If Covington has been trying to get under Usman’s skin, it doesn’t really seem like he’s succeeded.
“I’m relaxed because it’s a fight. At the end of the day we’re going to be locked in there and I’m going to do what I’ve been training to do,” Usman said. “I don’t think about anything other than that just because this clown is running his mouth.
“He’s worried about me. I’m not worried about him. He’s the one who has talked all the s— in the world. Now, he has to go prove that. The pressure’s on him.”
There is often way too much focus on trash talk in the fight game. Every semi-clever insult is turned into headlines and is repeated ad nauseam. That’s just what happens in a sport where the media has six weeks to write stories about a fight that lasts less than 25 minutes.
But the specifics of Covington’s trash talking aren’t what we’re exploring here. He’s terrible at it anyways. In the past, though, we’ve seen so many fighters become agitated in the face of relentless verbal attacks from their opponents.
It’s even impacted the way championship fights have played out. Most famously, Jose Aldo lost his featherweight belt after rushing recklessly at Conor McGregor and getting knocked out with one clean punch following a long, heated build-up to their 2015 title fight.
Covington is nowhere near the wordsmith that McGregor is, but Usman certainly seems to be handling the trash talk better than Aldo did.
At a “Fighter Panel” on Wednesday, Usman was onstage as one of the three champions who will defend their belts on Saturday – Amanda Nunes and Max Holloway are the others – and seemed entirely unfazed by anything that’s happened in the buildup to the fight.
Maybe part of that is because Usman always comes across like a pretty laid back guy, but the Nigerian genuinely was more animated when he was talking about his fear of snakes than when he responded to any of Covington’s provocations.
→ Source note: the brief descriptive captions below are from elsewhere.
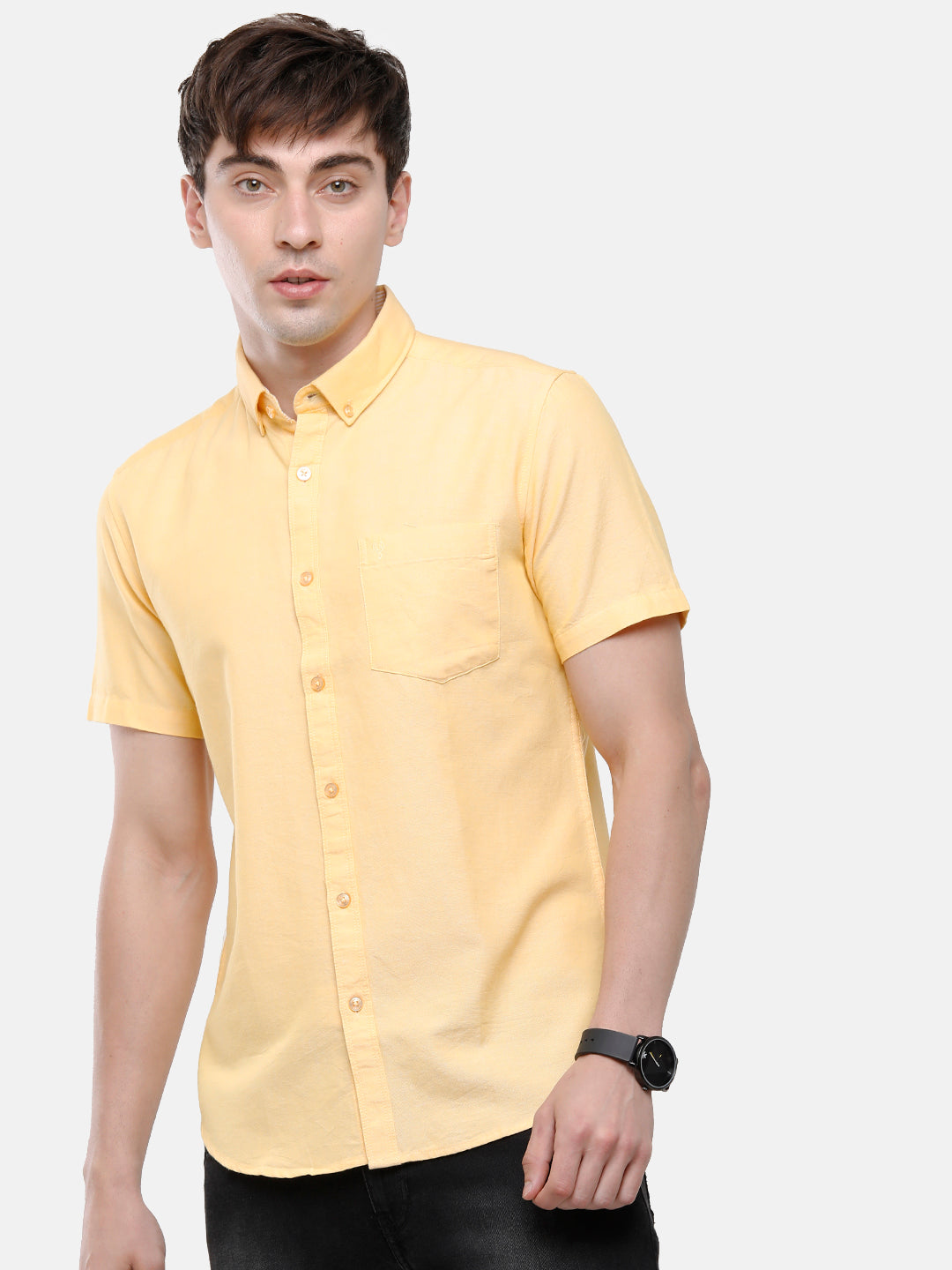 Classic Polo Men's Cotton Yellow Solid Half Sleeve Shirt - Enzo-Yellow-Mf-Hs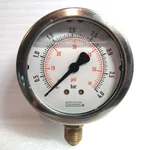 Noshok Liquid Filled Stainless Pressure Gauge 58 Psi 4.0 Bar Bottom Mount Dial. Fixed Price $20.00.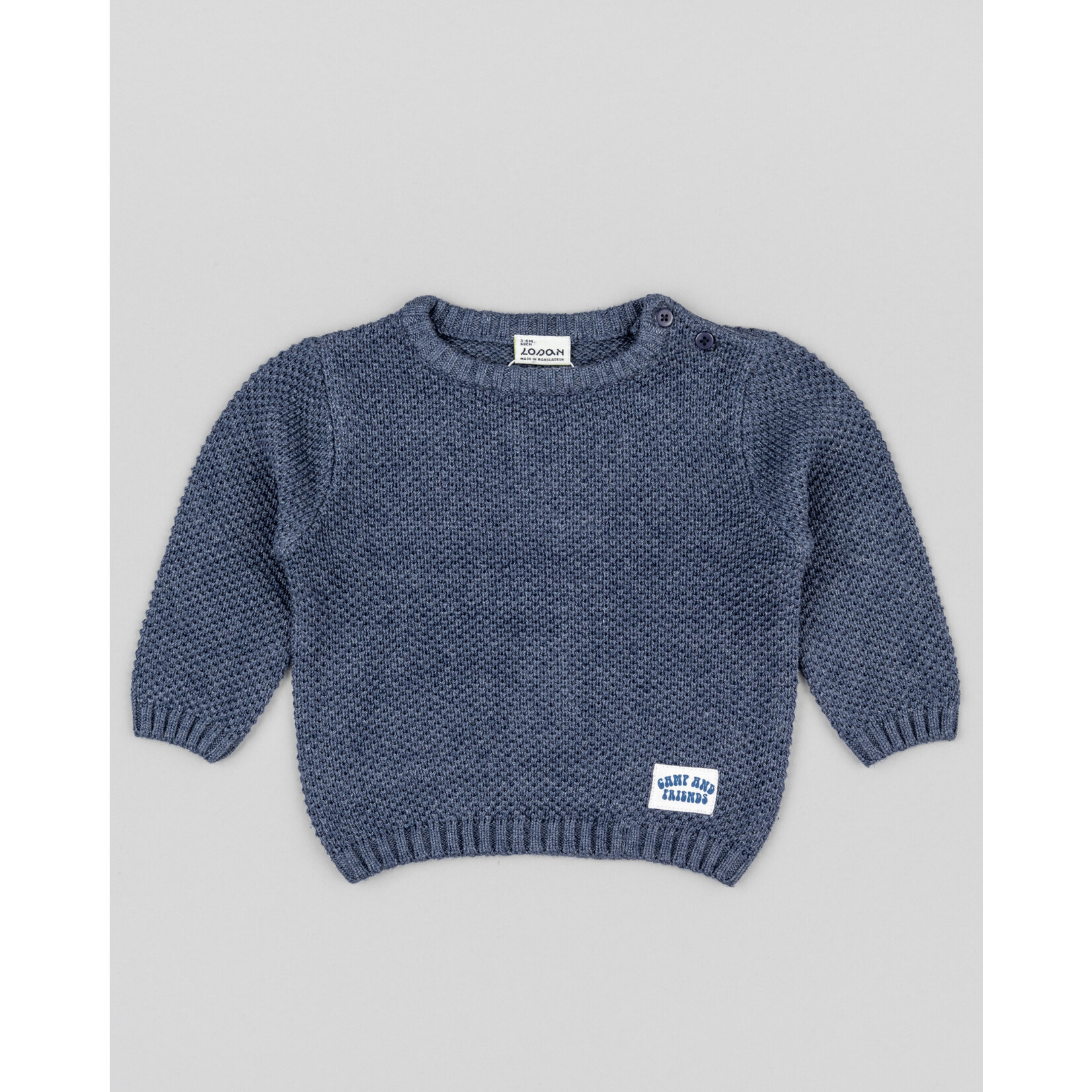 Losan LOSAN - Navy blue light-knit sweater 'Camp friends'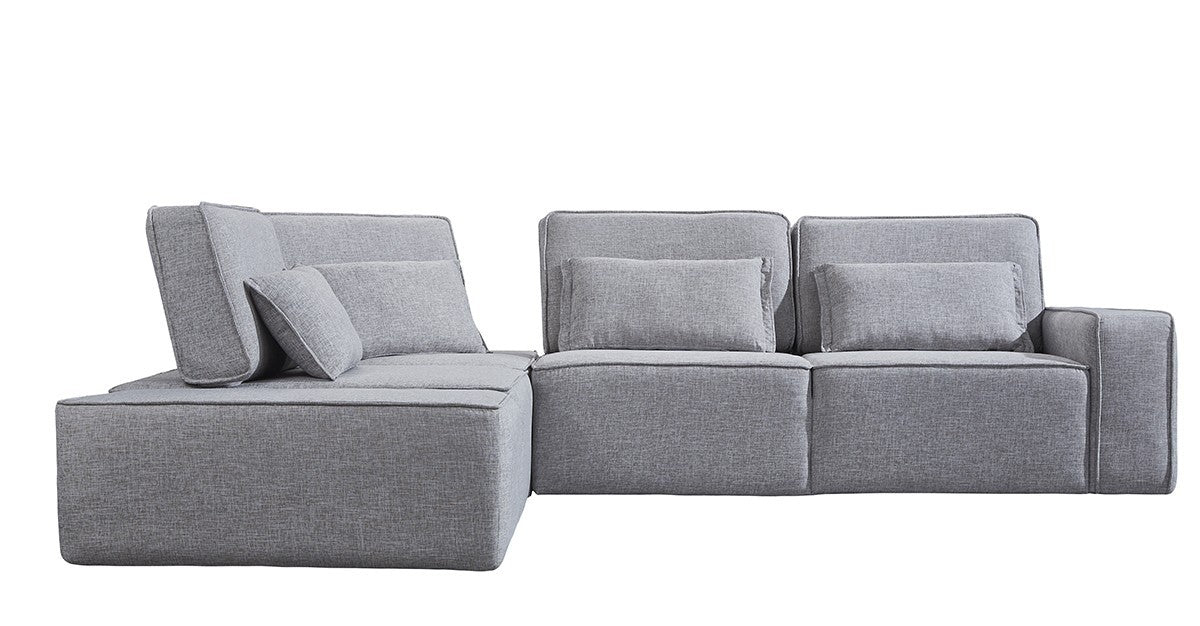 Light Gray 100% Polyester Modular L Shaped Four Piece Corner Sectional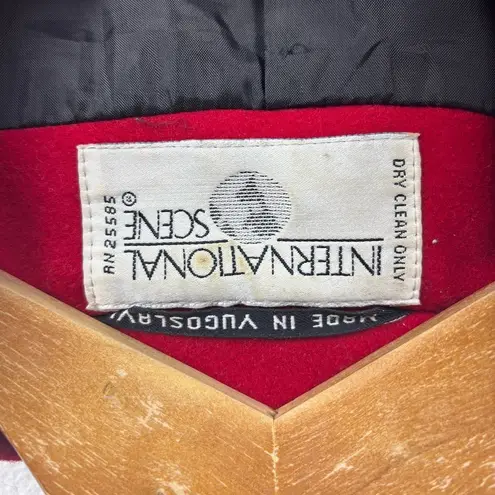 International Scene Vintage Red Wool Patchwork Jacket Womens 9 / 10 Artsy Coat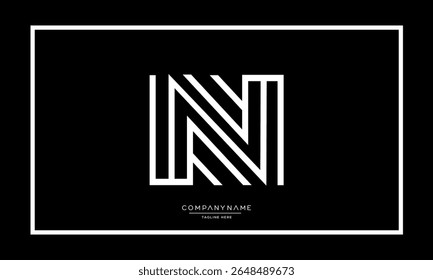 Alphabet letters N or NN logo monogram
“There’s something about them, there’s no bones in their body,” Usman said. “There’s just something about snakes. I don’t care if they’re non-venomous. It’s still a snake.”
Usman is well aware that a considerable number of the people who tune in for Saturday’s fights are desperately hoping that he lays a beating on Covington. If that’s the measurement you want to use, it can be argued that means Covington has done his job as a heel to promote the fight.
Love him or hate him, Covington has succeeded in getting a rise out of people.
It doesn’t seem like he’s managed to do the same with Usman, though, and you have to think that plays into the champion’s hands.
Covington tries really hard to be controversial, but the biggest crowd reaction from Wednesday’s public media event actually came when featherweight title challenger Alexander Volkanovski said something kind of nice. Covington had earlier referred to a question as being for nerds and virgins, and a few minutes later Volkanovski sheepishly took a moment to say there’s nothing wrong with being either of those things. It was a timely reminder that fans sometimes react just as strongly to positivity as they do to things like Covington’s negative antics … Covington pretended to read Donald Trump Jr.’s book on stage, the same way he did at a press conference a month ago. He is a slow reader, clearly … The UFC tried something new on Wednesday, holding an “Athlete Panel” instead of doing open workouts. The results were mixed, honestly, but it’s certainly true that open workouts have lost some of their value in recent years, so it was worth trying to mix things up … Holloway was asked who his toughest opponent to-date has been, and he had a strange answer. He chose Andre Fili, who he fought back in 2014. Fili’s a perfectly fine fighter, but considering that Holloway has taken on some of MMA’s all-time greats, Fili wasn’t the name anyone would have expected the featherweight king to drop.